> Instructions for the task
Without the pictures, can you quote each line below exactly?

> Dataset excerpt
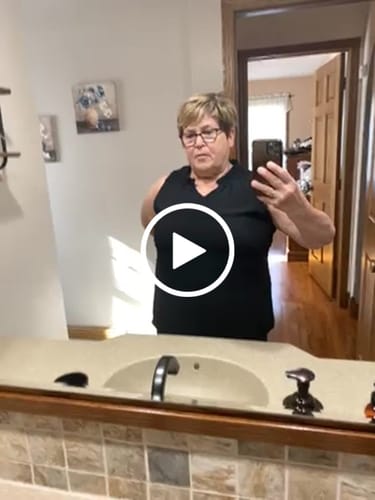 Customer video review of Micro Dot V-Neck Tank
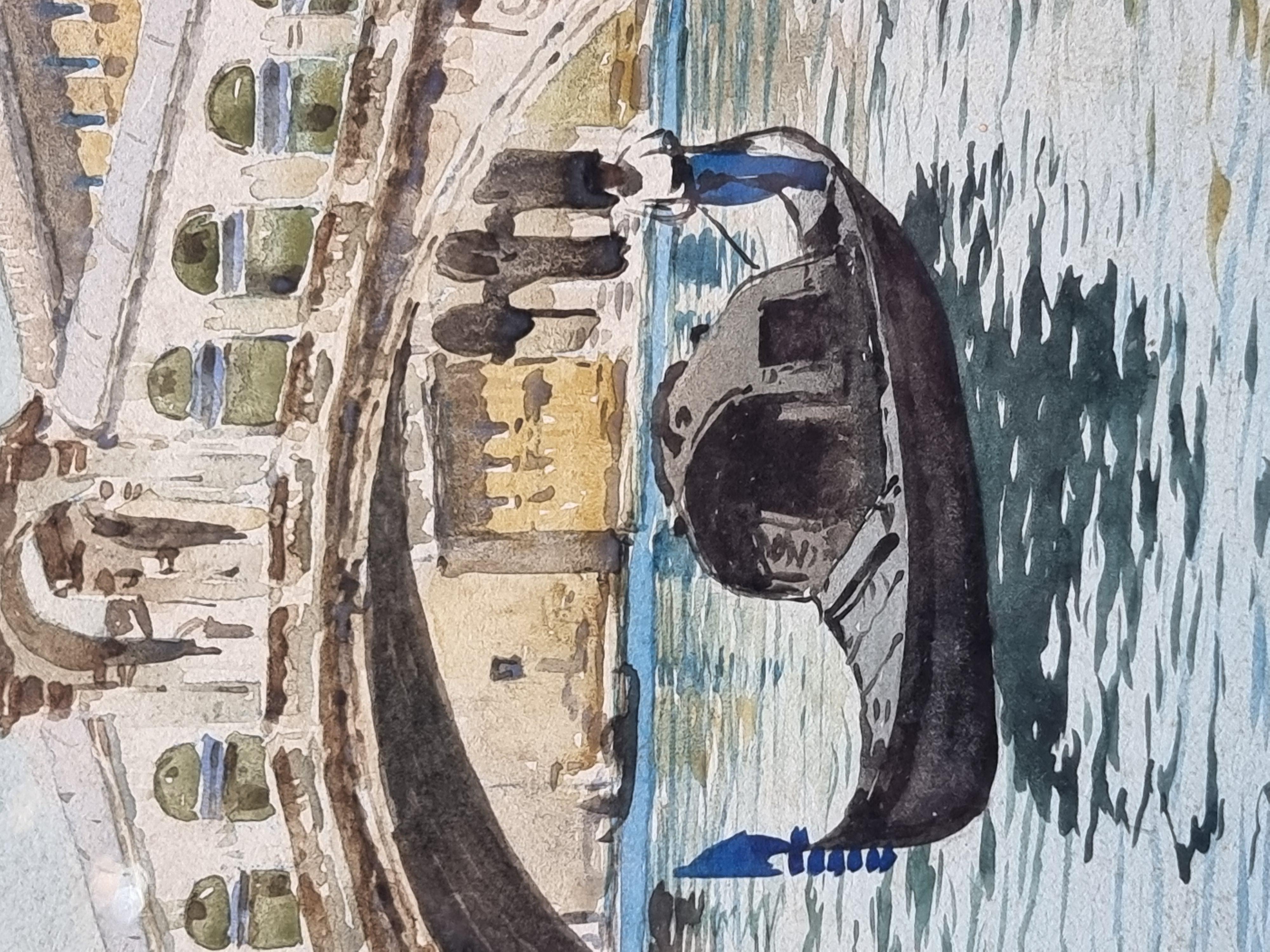 Sugerente vista venezolana realizada ad acquerello por Guido Peruzzi, fontanero famoso por su capacidad para crear la luminosidad y el ambiente de la laguna. La ópera muestra el Puente de Rialto y el trazado del Canal Grande antiguo, con gondolas en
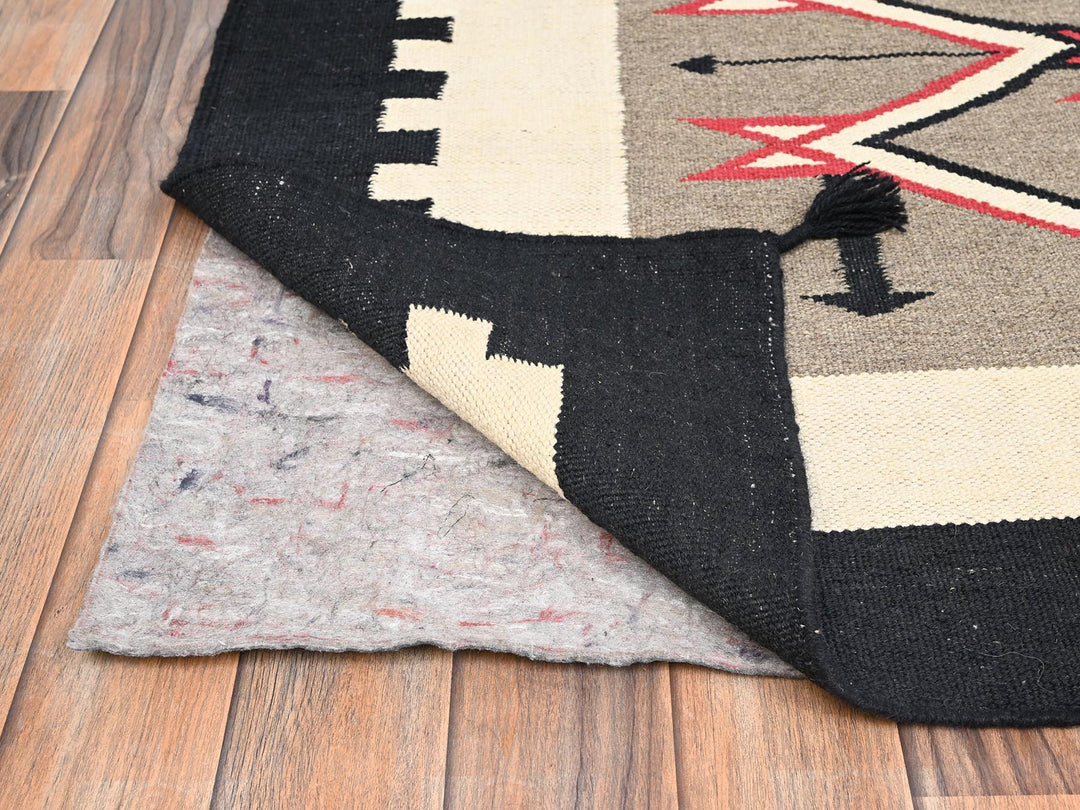 8'0" x 9'10" New Hand Woven Grey Wool Rectangle Oriental Rug - MOA1021730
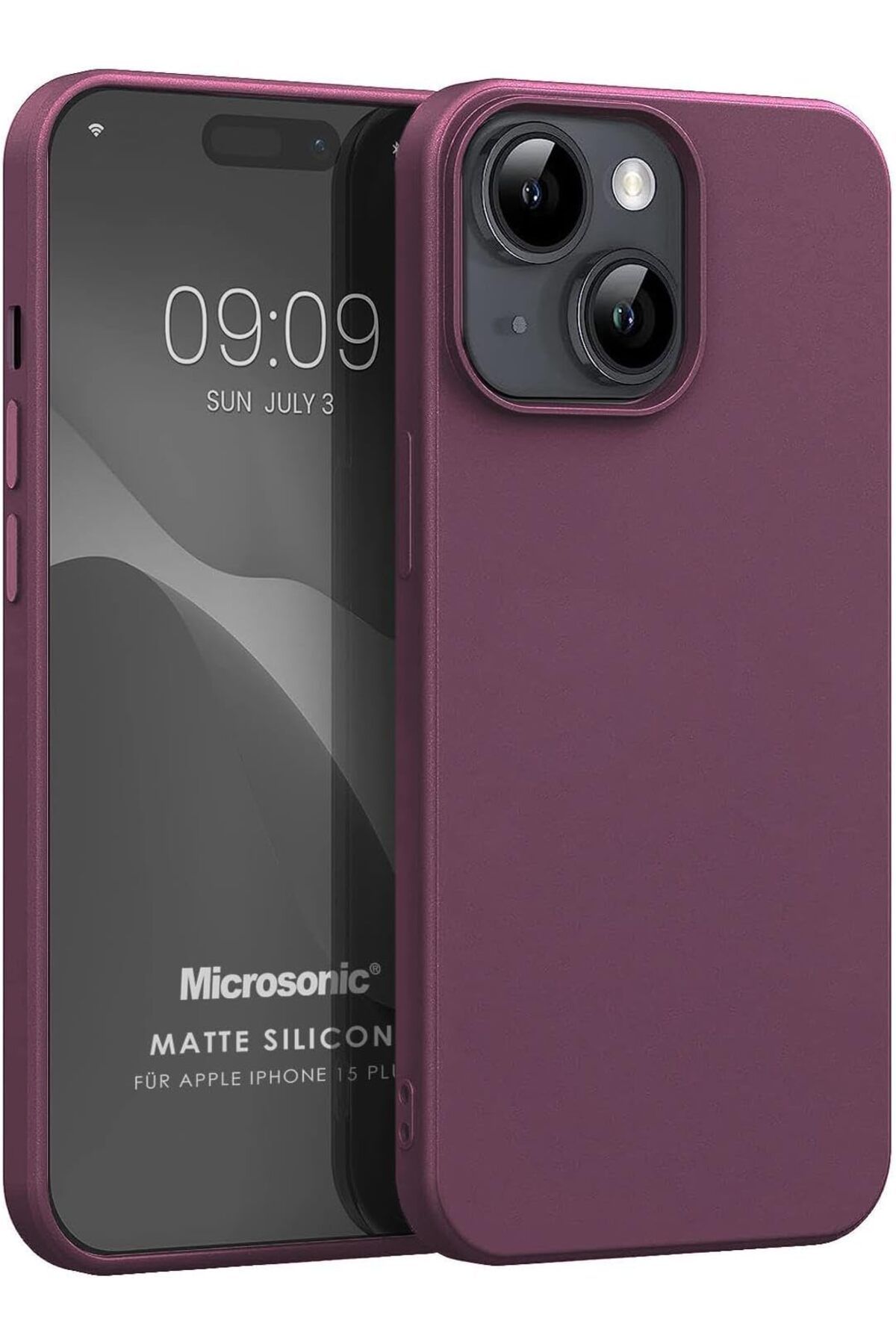 STOREMAX nslmshop Kılıf Matte Silicone iPhone 15 Plus için Mor [iPhone 15 Plus ile Uyumlu Kılıf - Mor]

> Result
 Customer video review of Micro Dot V-Neck Tank
 Sugerente vista venezolana realizada ad acquerello por Guido Peruzzi, fontanero famoso por su capacidad para crear la luminosidad y el ambiente de la laguna. La ópera muestra el Puente de Rialto y el trazado del Canal Grande antiguo, con gondolas en
 8'0" x 9'10" New Hand Woven Grey Wool Rectangle Oriental Rug - MOA1021730
 STOREMAX nslmshop Kılıf Matte Silicone iPhone 15 Plus için Mor [iPhone 15 Plus ile Uyumlu Kılıf - Mor]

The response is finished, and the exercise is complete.